Как начинается работа над любым романом? Ты кидаешь идеи в стену и смотришь, что прилипнет и пытаешься в эту сторону писать. У тебя есть какая-то мысль про то, что история будет про память, про мёртвых, про наши отношения с «нашими» мертвыми и тому подобные штуки, но ты точно еще не можешь сформулировать, это на уровне предчувствия все находится. И вот я оттолкнулся от этой идеи, в моем случае с дедом, но я подумал, что мои герои могут искать отца. И изначально была совершенно безумная идея о том, что с вот этого кладбища, на котором мы стоим с бабушкой, пропали все мертвые, и они каким-то образом оказались разбросаны по разным частям России. Главные герои у меня объезжали этих мертвых, пытаясь каким-то образом понять, почему они там оказались, и каким образом их отец оказался в одном из этих мест, то есть они искали труп отца, по сути.

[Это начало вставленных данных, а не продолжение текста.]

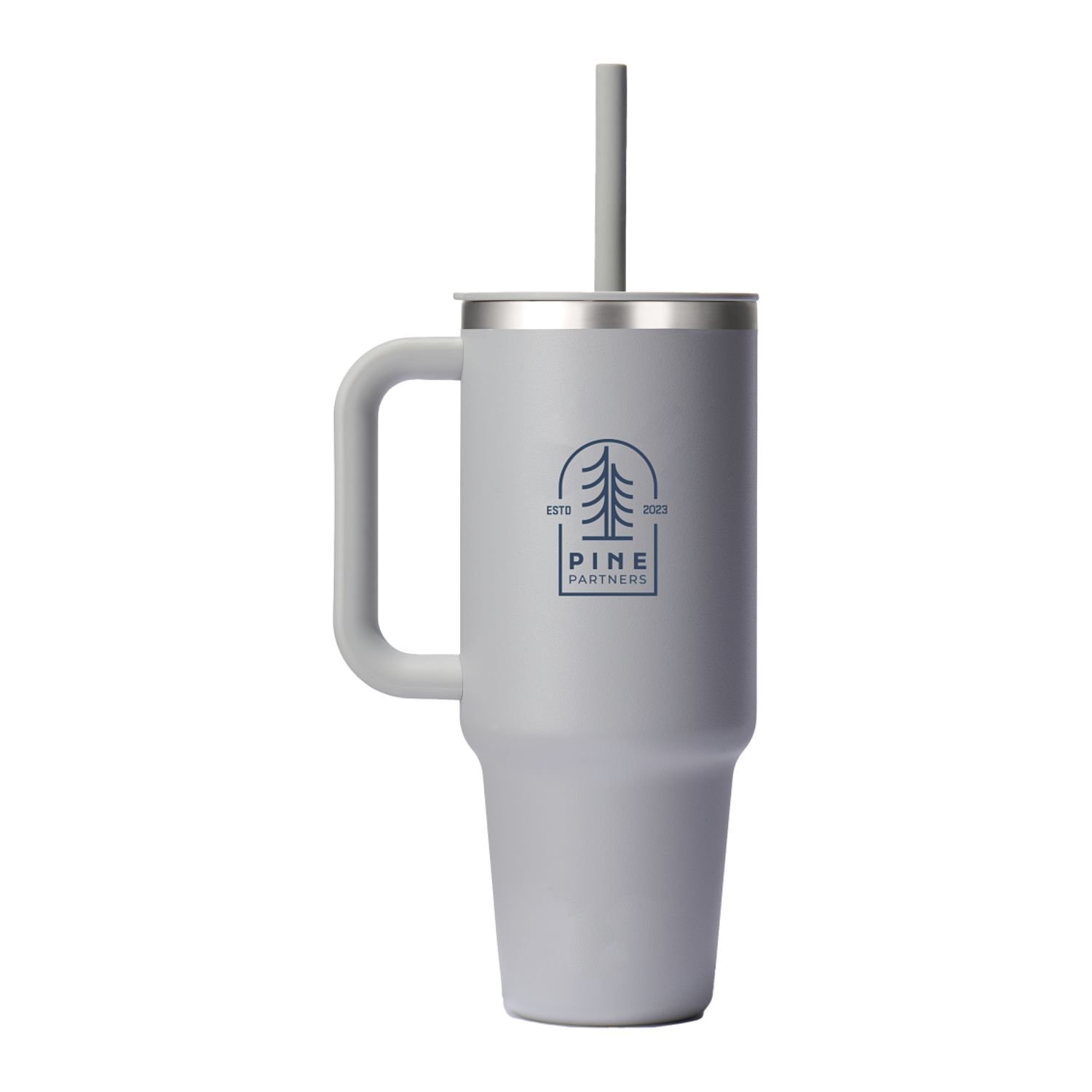 1601-99-1 Hydro Flask® All Around™ Travel Tumbler 40oz with Straw - Image 1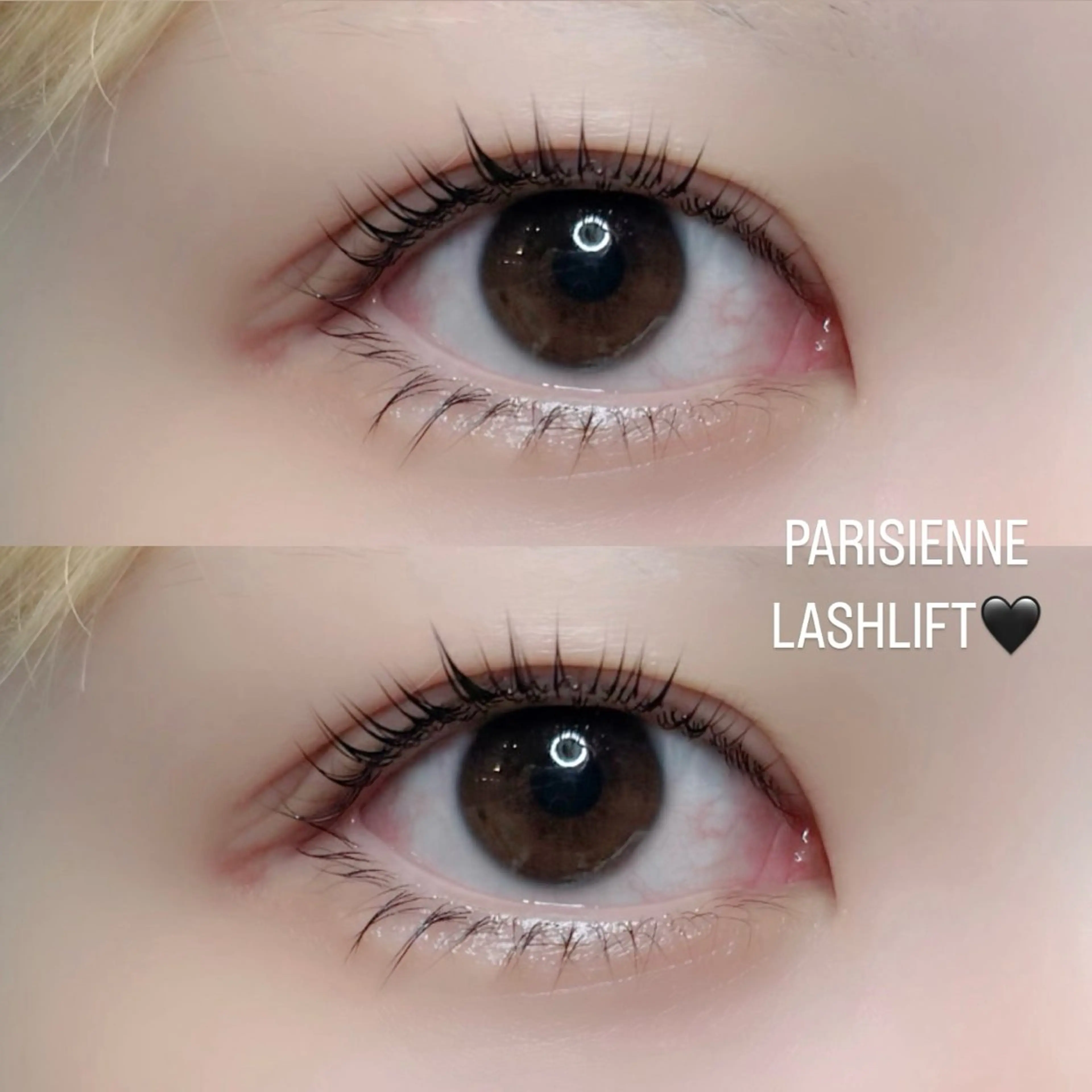 マツエク・マツパ パリジェンヌラッシュリフト eye candy 🪽harunaの眉毛・アイブロウイメージ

В итоге, пока я делал несколько итераций, у меня, как всегда это бывает, ничего не клеилось, и я начал придумывать, как эту идею можно улучшить и сделать жизнеспособной. Потому что первые итерации любой идеи, они обычно нежизнеспособны, как у меня было и с «Рифом», но совсем это просто не работает. Мне не нравилась идея двух братьев, потому что у меня, в принципе, с братьями нормальные отношения, и там как бы не возникало никакого противостояния, никакой драмы, я не мог из этого извлечь. И когда я сделал главного героя — главной героиней, у меня все вдруг зашевелилось и заработало. Вот это был момент, когда все стало очень интересно и живо.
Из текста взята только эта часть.